It turns out they were right to look at my fingernails, though. I did indeed develop a thyroid disorder a couple of years later, and striated fingernails (which I did not have at 10 but have had since I was 12) are a hallmark of that. I developed diabetes soon after that. Coping with those wasn't too bad. I had excellent care and my grandfather was the best role model I could have asked for. But, still. Clear signs my immune system was trying to kill me, and it was getting more serious about it.

As you may know, I also started going bald in grade school. I was sensitive about it. (In part because my mother made a fuss about finding ways to keep it hidden because she thought I'd be sensitive about it, which taught me that I should be more concerned about it.) My sisters bought me my first propeller hat, and told me to take the opportunity to start a hat collection. Take a disadvantage and turn it into a fun way to express myself. I didn't wear that hat very often, but I still took the lesson to heart, and the propeller hat has been my personal symbol ever since. Hence all my hat-related usernames and avatars.

In high school, things got worse again. I started getting more and more physically exhausted and having unexplained pains all over my body. Most doctors didn't know what to do with me. One diagnosed me with fibromyalgia. He himself had come up with the protocol to formally diagnose it, and I was 18/18 on his test. Unfortunately, he didn't actually know how to help me with it. He promised that if I followed his treatment regimen I'd be cured within 3 months. I did, but I wasn't. He felt pressured because Dad was a close colleague who often came to appointments with me. We were both frustrated and disheartened by my lack of progress. He snapped. He told me that I was lying. That if I'd been following his regimen I'd be better, since I wasn't better it must be my fault, he couldn't work with a patient who lied to him, and I needed to leave and not come back. (Years later, he apologized for that.) Other doctors were skeptical that I was reporting widespread pain with no reason they could find. One convinced my parents to give me a placebo. Once Dad found a specialist in Boston. We drove 300 miles to see him. I explained all that I'd been going through, that we'd driven 300 miles just to see him, and told him I needed help. He got angry and told me to follow him into the hall. We walked to a patient's room. He had me look at a kid about my age who was lying asleep in a hospital bed with IVs in him. He took me back out into the hall. He explained the kid was dying of leukemia. "Go home, and come back when you have real problems!" To which I say "Fuck that guy." (I did not say that to him.) Yes, there is always someone who has it worse than you. But that doesn't change what you're dealing with or mean that you don't need and deserve help and support. Even with all those experiences and more, I knew even then that I was getting better care (and access to care) than most, thanks to Dad being a respected doctor. Certainly didn't hurt being rich and white, too...

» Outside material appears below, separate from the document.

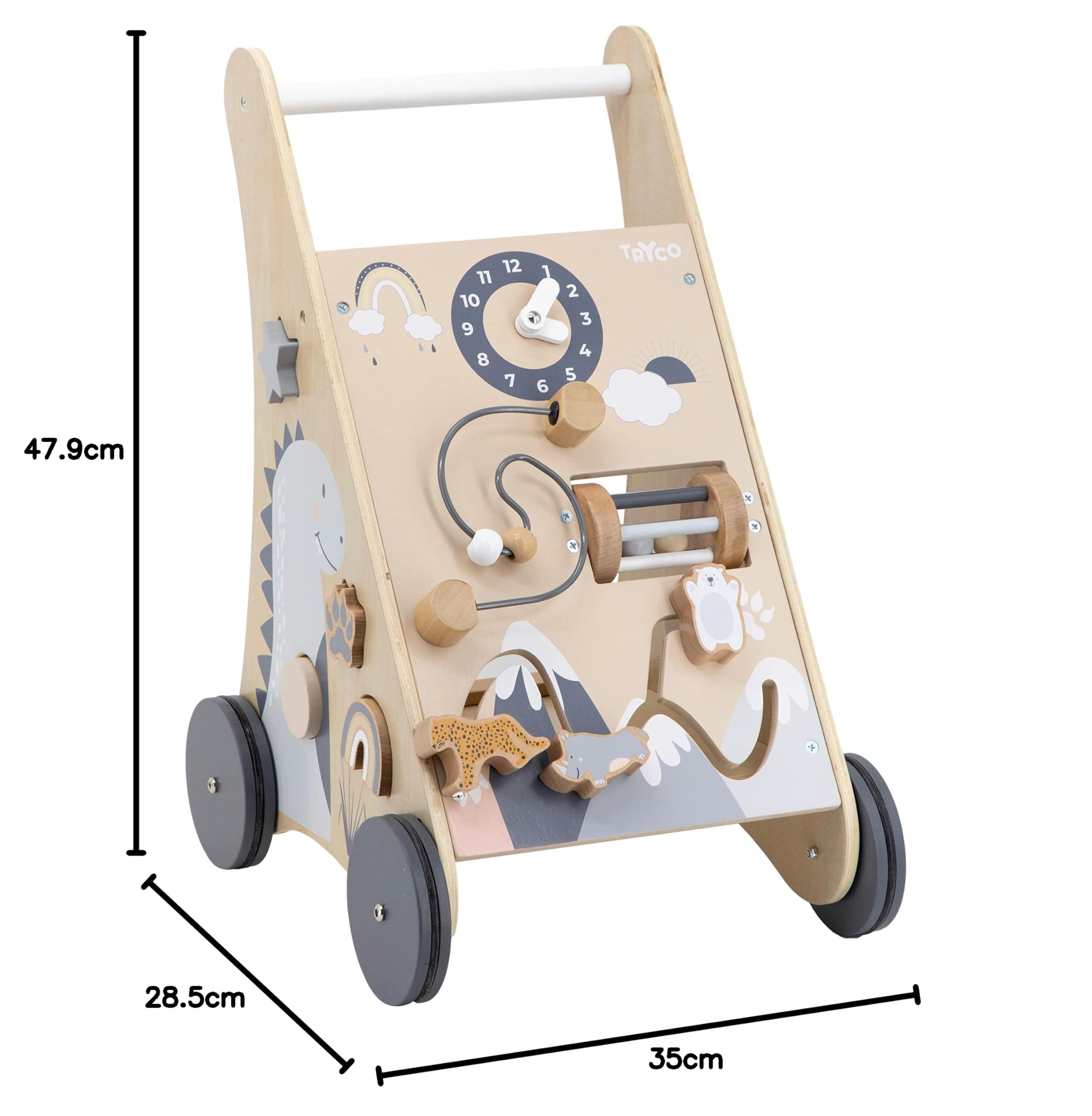 Personalisierter Lauflernwagen aus Holz mit Name – Sicherer Baby Schiebewagen für erste Schritte – Lauflernhilfe mit Bremse & Motorikspiel – Geschenk zum 1. Geburtstag für Mädchen & Jungen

My condition continued to get worse. I could barely move. It would take me hours after breakfast before I could even try to sit up. Then Mom and I would work together to get me standing. Often, it would take a few tries. Even if we succeeded, we were left breathless, clinging to each other from the effort of it. Sometimes, after all that, I'd fall back into bed because I just couldn't stand any longer. Those were all above average days. Often, I'd be stuck lying in bed all day. It would take willpower and half an hour's effort to roll over. I was always in pain and never knew when I'd get a sudden sharp spike, where it would be, how long it would last, or just what kind of pain it would be. I had a lot of time just stuck in my own head with nothing to do but reflect. I learned a lot that way, and even ended up teaching myself zen meditation. But I wouldn't recommend that method. It was in the middle of that when I had my first mental breakdown. But it was a quiet one, and no one noticed it happening because I couldn't move and often struggled to talk anyway. I rebuilt a new personality from the ground up. Teen years are a good time to do that because you're naturally in a state of growth and change. But, again, I wouldn't recommend that method. Those years were hell on me and on my mother.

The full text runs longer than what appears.